--- STORED DATA Enclosed Below ---

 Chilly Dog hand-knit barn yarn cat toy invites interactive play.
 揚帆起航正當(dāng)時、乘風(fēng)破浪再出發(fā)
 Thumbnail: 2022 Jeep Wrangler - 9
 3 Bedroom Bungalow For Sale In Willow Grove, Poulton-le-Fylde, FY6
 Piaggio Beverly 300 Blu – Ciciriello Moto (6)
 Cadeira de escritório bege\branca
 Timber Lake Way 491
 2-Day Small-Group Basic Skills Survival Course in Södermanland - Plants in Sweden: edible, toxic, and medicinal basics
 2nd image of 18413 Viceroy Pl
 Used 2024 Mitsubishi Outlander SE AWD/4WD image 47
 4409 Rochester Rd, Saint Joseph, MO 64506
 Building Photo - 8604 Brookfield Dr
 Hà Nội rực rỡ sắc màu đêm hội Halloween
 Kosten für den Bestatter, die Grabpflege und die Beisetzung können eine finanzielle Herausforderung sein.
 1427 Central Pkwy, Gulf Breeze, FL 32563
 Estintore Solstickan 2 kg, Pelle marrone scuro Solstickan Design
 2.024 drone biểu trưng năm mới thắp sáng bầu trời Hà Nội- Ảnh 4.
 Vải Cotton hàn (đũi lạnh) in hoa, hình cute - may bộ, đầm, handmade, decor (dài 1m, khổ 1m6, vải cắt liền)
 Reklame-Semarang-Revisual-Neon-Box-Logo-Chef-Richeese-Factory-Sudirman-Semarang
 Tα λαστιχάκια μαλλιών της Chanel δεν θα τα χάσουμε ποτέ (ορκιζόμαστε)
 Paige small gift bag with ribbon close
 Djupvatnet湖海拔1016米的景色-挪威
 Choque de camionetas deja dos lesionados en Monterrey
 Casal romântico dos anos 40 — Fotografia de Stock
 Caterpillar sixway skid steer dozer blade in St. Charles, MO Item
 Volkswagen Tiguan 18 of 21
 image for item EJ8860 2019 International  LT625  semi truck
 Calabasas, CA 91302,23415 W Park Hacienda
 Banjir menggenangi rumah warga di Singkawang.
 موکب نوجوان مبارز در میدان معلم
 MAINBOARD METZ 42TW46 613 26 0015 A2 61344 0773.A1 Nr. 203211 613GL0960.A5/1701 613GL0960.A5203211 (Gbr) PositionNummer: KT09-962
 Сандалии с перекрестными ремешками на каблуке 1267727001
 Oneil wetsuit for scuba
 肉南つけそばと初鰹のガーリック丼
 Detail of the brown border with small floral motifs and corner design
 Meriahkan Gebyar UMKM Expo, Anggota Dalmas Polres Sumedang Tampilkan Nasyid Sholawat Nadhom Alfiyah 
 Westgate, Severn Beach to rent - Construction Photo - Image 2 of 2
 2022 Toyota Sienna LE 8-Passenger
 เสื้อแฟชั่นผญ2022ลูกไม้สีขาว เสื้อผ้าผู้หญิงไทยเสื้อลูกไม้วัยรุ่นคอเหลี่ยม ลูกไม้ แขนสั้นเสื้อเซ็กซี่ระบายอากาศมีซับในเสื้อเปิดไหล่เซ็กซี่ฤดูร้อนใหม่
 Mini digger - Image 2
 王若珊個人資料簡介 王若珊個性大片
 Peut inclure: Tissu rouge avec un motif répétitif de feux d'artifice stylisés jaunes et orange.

--- End of Enclosed STORED DATA ---

§ **TASK GOAL**: This exercise requires the entries above to be restated exactly.

§ **EXERCISE RESULT**:
 Chilly Dog hand-knit barn yarn cat toy invites interactive play.
 揚帆起航正當(dāng)時、乘風(fēng)破浪再出發(fā)
 Thumbnail: 2022 Jeep Wrangler - 9
 3 Bedroom Bungalow For Sale In Willow Grove, Poulton-le-Fylde, FY6
 Piaggio Beverly 300 Blu – Ciciriello Moto (6)
 Cadeira de escritório bege\branca
 Timber Lake Way 491
 2-Day Small-Group Basic Skills Survival Course in Södermanland - Plants in Sweden: edible, toxic, and medicinal basics
 2nd image of 18413 Viceroy Pl
 Used 2024 Mitsubishi Outlander SE AWD/4WD image 47
 4409 Rochester Rd, Saint Joseph, MO 64506
 Building Photo - 8604 Brookfield Dr
 Hà Nội rực rỡ sắc màu đêm hội Halloween
 Kosten für den Bestatter, die Grabpflege und die Beisetzung können eine finanzielle Herausforderung sein.
 1427 Central Pkwy, Gulf Breeze, FL 32563
 Estintore Solstickan 2 kg, Pelle marrone scuro Solstickan Design
 2.024 drone biểu trưng năm mới thắp sáng bầu trời Hà Nội- Ảnh 4.
 Vải Cotton hàn (đũi lạnh) in hoa, hình cute - may bộ, đầm, handmade, decor (dài 1m, khổ 1m6, vải cắt liền)
 Reklame-Semarang-Revisual-Neon-Box-Logo-Chef-Richeese-Factory-Sudirman-Semarang
 Tα λαστιχάκια μαλλιών της Chanel δεν θα τα χάσουμε ποτέ (ορκιζόμαστε)
 Paige small gift bag with ribbon close
 Djupvatnet湖海拔1016米的景色-挪威
 Choque de camionetas deja dos lesionados en Monterrey
 Casal romântico dos anos 40 — Fotografia de Stock
 Caterpillar sixway skid steer dozer blade in St. Charles, MO Item
 Volkswagen Tiguan 18 of 21
 image for item EJ8860 2019 International  LT625  semi truck
 Calabasas, CA 91302,23415 W Park Hacienda
 Banjir menggenangi rumah warga di Singkawang.
 موکب نوجوان مبارز در میدان معلم
 MAINBOARD METZ 42TW46 613 26 0015 A2 61344 0773.A1 Nr. 203211 613GL0960.A5/1701 613GL0960.A5203211 (Gbr) PositionNummer: KT09-962
 Сандалии с перекрестными ремешками на каблуке 1267727001
 Oneil wetsuit for scuba
 肉南つけそばと初鰹のガーリック丼
 Detail of the brown border with small floral motifs and corner design
 Meriahkan Gebyar UMKM Expo, Anggota Dalmas Polres Sumedang Tampilkan Nasyid Sholawat Nadhom Alfiyah 
 Westgate, Severn Beach to rent - Construction Photo - Image 2 of 2
 2022 Toyota Sienna LE 8-Passenger
 เสื้อแฟชั่นผญ2022ลูกไม้สีขาว เสื้อผ้าผู้หญิงไทยเสื้อลูกไม้วัยรุ่นคอเหลี่ยม ลูกไม้ แขนสั้นเสื้อเซ็กซี่ระบายอากาศมีซับในเสื้อเปิดไหล่เซ็กซี่ฤดูร้อนใหม่
 Mini digger - Image 2
 王若珊個人資料簡介 王若珊個性大片
 Peut inclure: Tissu rouge avec un motif répétitif de feux d'artifice stylisés jaunes et orange.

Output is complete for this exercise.